> ACTIVITY
Make an exact copy of the lines from the one containing "1 yarda de tela" through the end of the records below, and leave out every picture.
'''
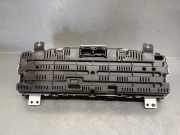 Tachoeinheit Kmh P05172783AD Dodge Journey Großraumlimousine 2.0 CRD 16V (BWD)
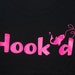 Hook'd Apparel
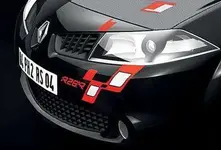 2008-renault-megane-r26r-front.webp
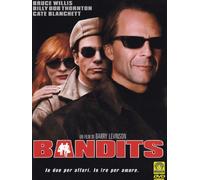 Bandits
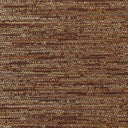 1 yarda de tela Runway de alta calidad para moda y decoración 100% poliéster  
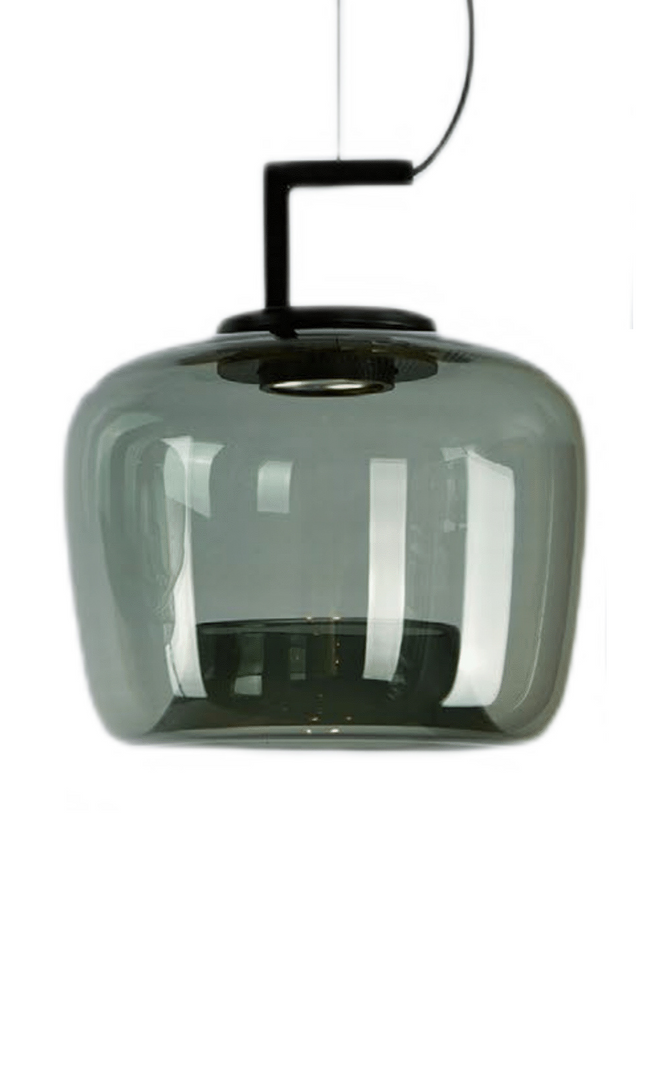 Pendant Light MIKITO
'''
> YOUR SOLUTION
 1 yarda de tela Runway de alta calidad para moda y decoración 100% poliéster  
 Pendant Light MIKITO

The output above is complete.